For flood mapping, SAR is invaluable: water surfaces produce very low radar backscatter (appearing dark in SAR images) while surrounding terrain and vegetation produce high backscatter. This contrast makes flood extent immediately visible even under total cloud cover — exactly when optical satellites are blind. Sentinel-1 SAR data has become the standard for rapid flood mapping worldwide.
- Sentinel-1: ESA's C-band SAR constellation, 5×20m resolution, 6-day revisit
- ALOS-2 PALSAR-2: JAXA's L-band SAR, good for vegetation penetration
- NISAR: upcoming NASA-ISRO L+S band mission for deformation and ecosystem monitoring
- ICEYE and Capella: commercial SAR constellations offering sub-daily revisit
InSAR: measuring ground deformation
Interferometric SAR (InSAR) compares two SAR images of the same area taken at different times to measure tiny changes in surface elevation — down to millimeters. This technique is critical for monitoring volcanic deformation (swelling or deflation of volcanic edifices), earthquake fault displacement, landslide movement, and land subsidence.

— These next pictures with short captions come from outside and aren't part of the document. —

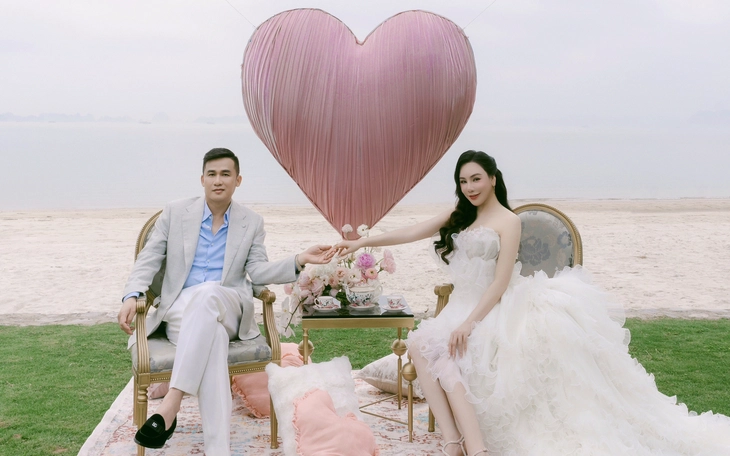 'Tân binh toàn năng' tập 5: Đoàn Văn Chung dừng bước vì thiếu thần thái idol - Ảnh 3.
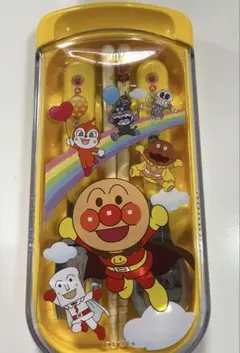 Item thumbnail for item 8701c301-d782-4f4e-8e96-27392ff1dcde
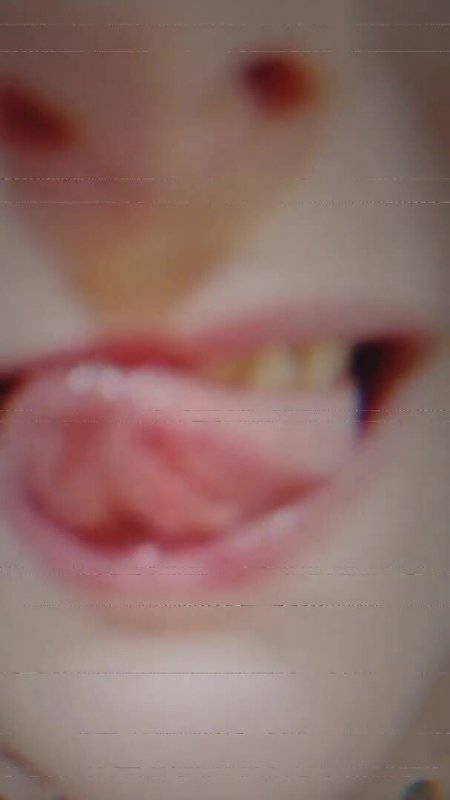 anal bukake 2007 jelsoft enterprises ltd — Bella Donna Free Onlyfans Nude Leaked Pictures - 1:46:05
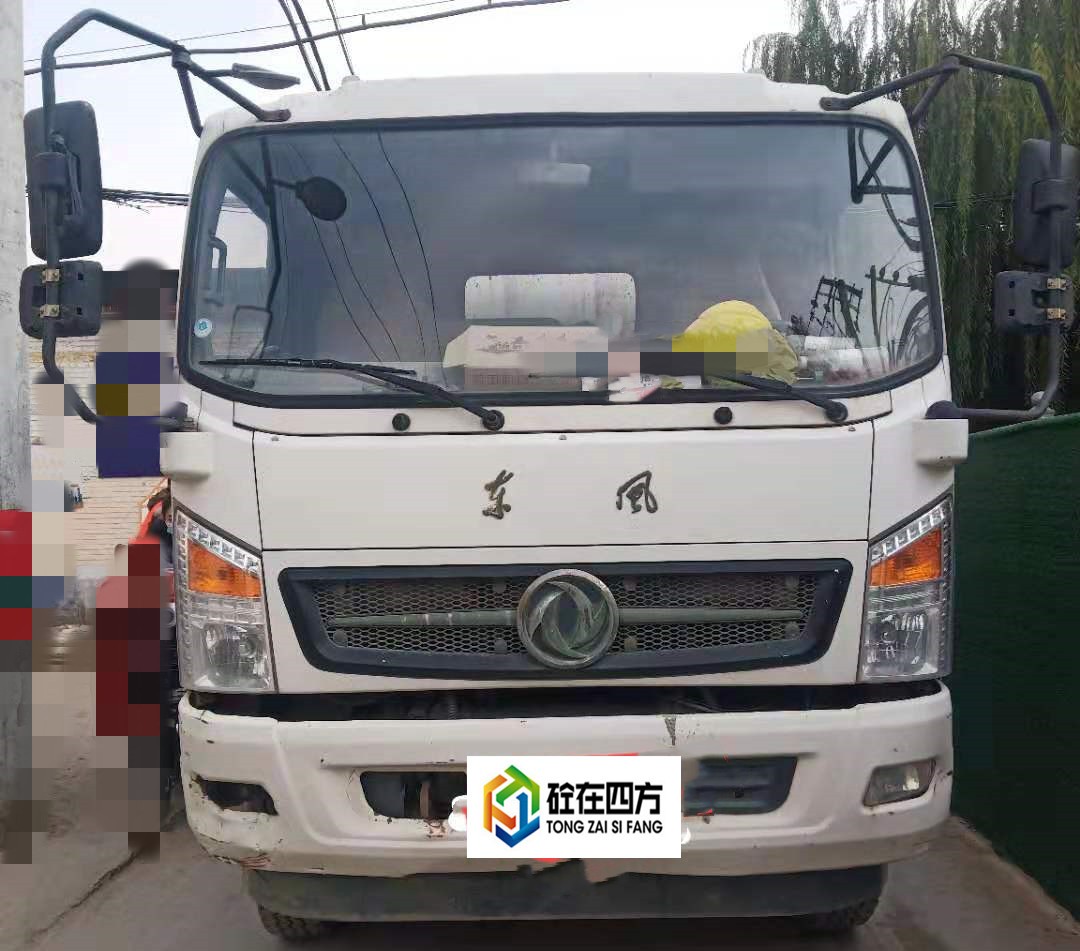 https://images.tongzsf.com/tong/truck_machine/20210128/160122744a10de.jpg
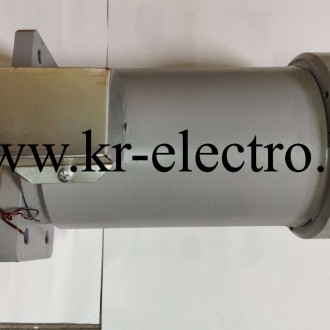 Магнит КМП  Магнит КМП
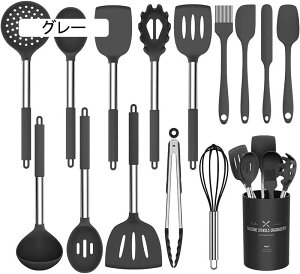 Lb`c[ VR  15_Zbg Lb`c[Zbg NbLOc[  䏊pi ϔMVR Lb`pi   ي AĊ uV Xp` pX^T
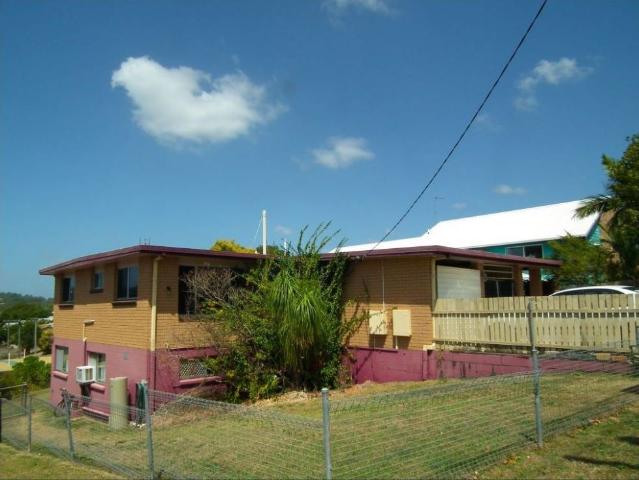 Convenient Living in the heart of Nambour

After the 2023 Turkey-Syria earthquakes, InSAR analysis using Sentinel-1 data revealed up to 6 meters of horizontal fault displacement along the East Anatolian Fault. This measurement, available within days of the earthquake, provided scientists with detailed information about the rupture that would take months to obtain from ground surveys alone.
Lidar: profiling the atmosphere and terrain
Lidar (Light Detection and Ranging) is an active sensor that transmits laser pulses and measures the return time and intensity. Airborne lidar produces extremely detailed terrain models by measuring the distance to the ground surface beneath vegetation canopy. Spaceborne lidar, such as NASA's CALIPSO and ICESat-2, profiles atmospheric aerosols and measures ice sheet elevation changes with centimeter precision.
For disaster applications, lidar-derived terrain models are essential for flood modeling (knowing the precise elevation determines where water will flow), landslide hazard mapping, and post-disaster damage assessment. The USGS 3DEP program is systematically acquiring lidar coverage of the entire United States to create a high-resolution national elevation dataset.
Multi-sensor synergy in disaster monitoring
The most effective disaster monitoring combines passive and active sensors to exploit their complementary strengths. Optical imagery provides intuitive visual context and high spatial resolution. Thermal infrared detects fires and measures temperatures. SAR sees through clouds and measures surface changes. Lidar provides precise terrain data for modeling.
PlanetSentry integrates event data from sources that draw on all of these sensor types. EONET wildfire events originate from MODIS and VIIRS thermal detections. GDACS flood alerts incorporate SAR-based flood mapping. Earthquake data comes from seismic networks but is contextualized by satellite-derived damage assessments using optical and SAR imagery. The globe becomes a synthesis layer where different sensor inputs converge into a unified monitoring picture.